─── SUPPLIED MATERIAL

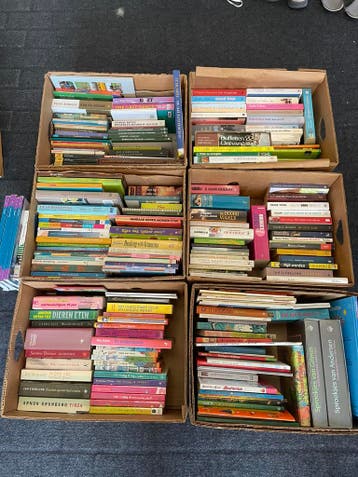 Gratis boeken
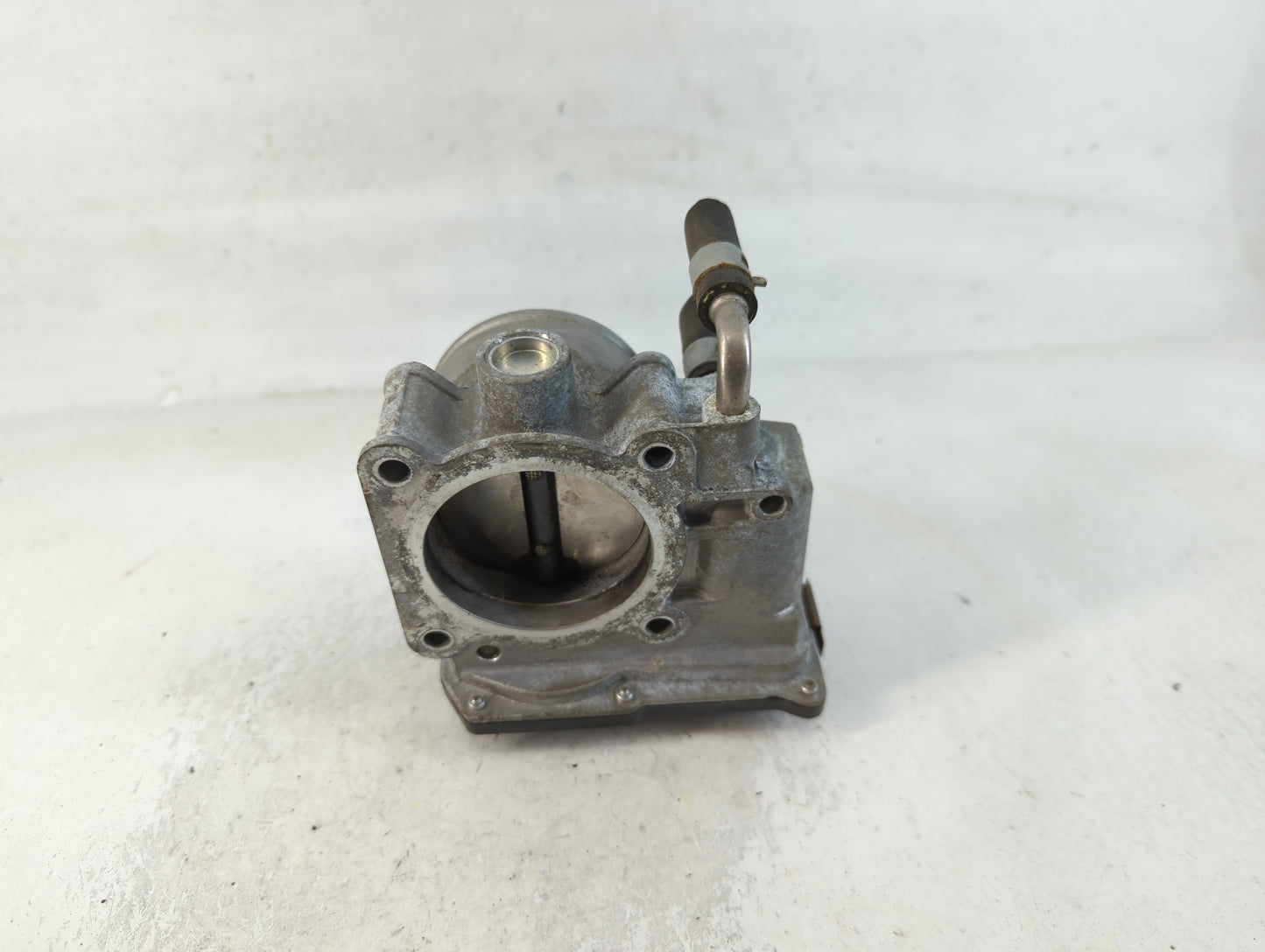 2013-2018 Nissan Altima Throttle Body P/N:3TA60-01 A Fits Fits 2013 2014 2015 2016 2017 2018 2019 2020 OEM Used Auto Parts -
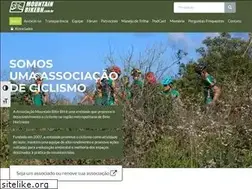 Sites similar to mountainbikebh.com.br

──────

### WHAT IS REQUIRED
All text in the material above must be written out exactly; the images are to be skipped.

### RESPONSE BOX
 Gratis boeken
 2013-2018 Nissan Altima Throttle Body P/N:3TA60-01 A Fits Fits 2013 2014 2015 2016 2017 2018 2019 2020 OEM Used Auto Parts -
 Sites similar to mountainbikebh.com.br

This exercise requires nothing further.